How to complete this task –
Go to the line below that contains "Tamer Tanca Kadın". From there to the end of the records, reproduce each line exactly, except the pictures.

Given records –
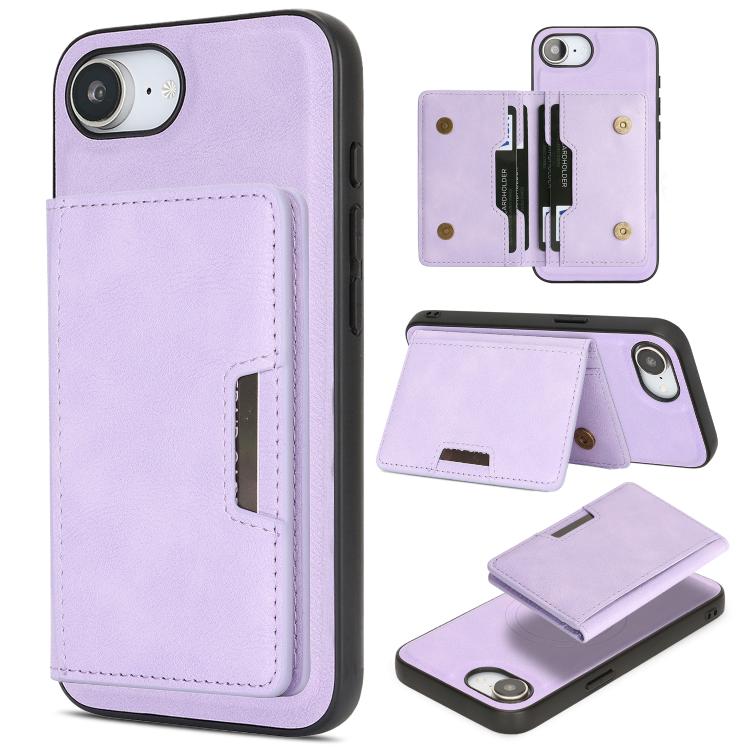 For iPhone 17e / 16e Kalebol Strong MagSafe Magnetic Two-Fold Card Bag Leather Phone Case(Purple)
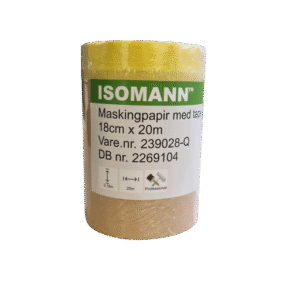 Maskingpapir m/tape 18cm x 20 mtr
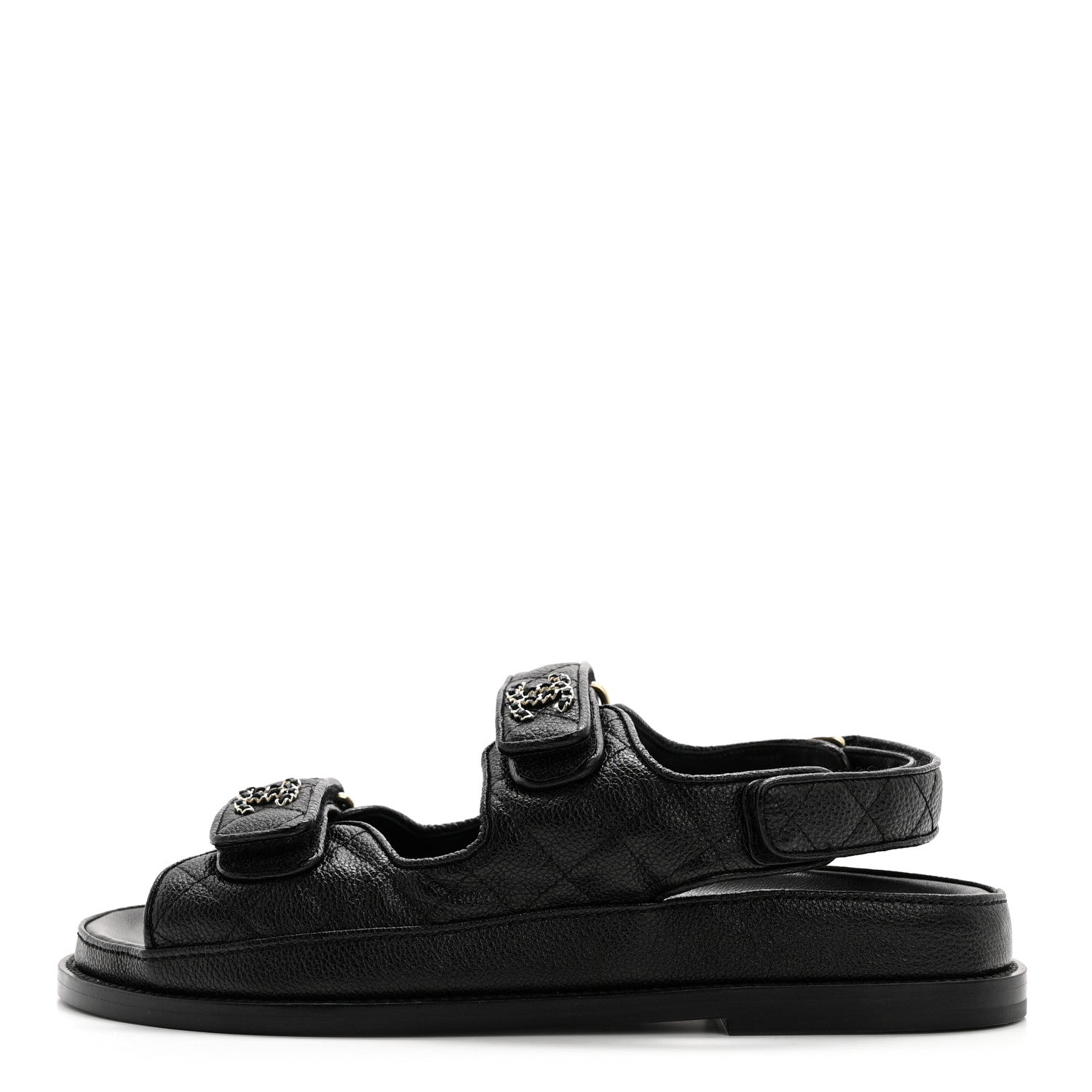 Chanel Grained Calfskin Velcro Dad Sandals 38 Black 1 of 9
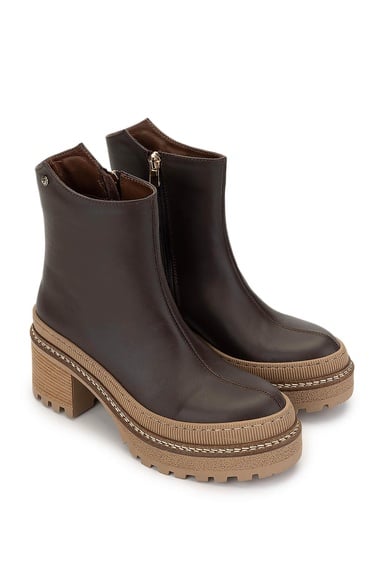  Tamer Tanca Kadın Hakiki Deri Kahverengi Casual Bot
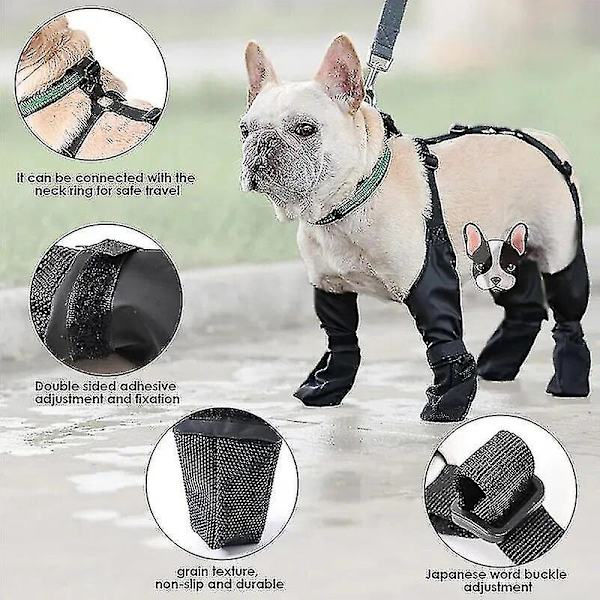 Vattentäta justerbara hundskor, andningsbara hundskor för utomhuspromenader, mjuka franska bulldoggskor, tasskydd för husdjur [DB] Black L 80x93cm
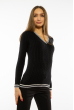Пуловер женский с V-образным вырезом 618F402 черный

Written solution –
  Tamer Tanca Kadın Hakiki Deri Kahverengi Casual Bot
 Vattentäta justerbara hundskor, andningsbara hundskor för utomhuspromenader, mjuka franska bulldoggskor, tasskydd för husdjur [DB] Black L 80x93cm
Пуловер женский с V-образным вырезом 618F402 черный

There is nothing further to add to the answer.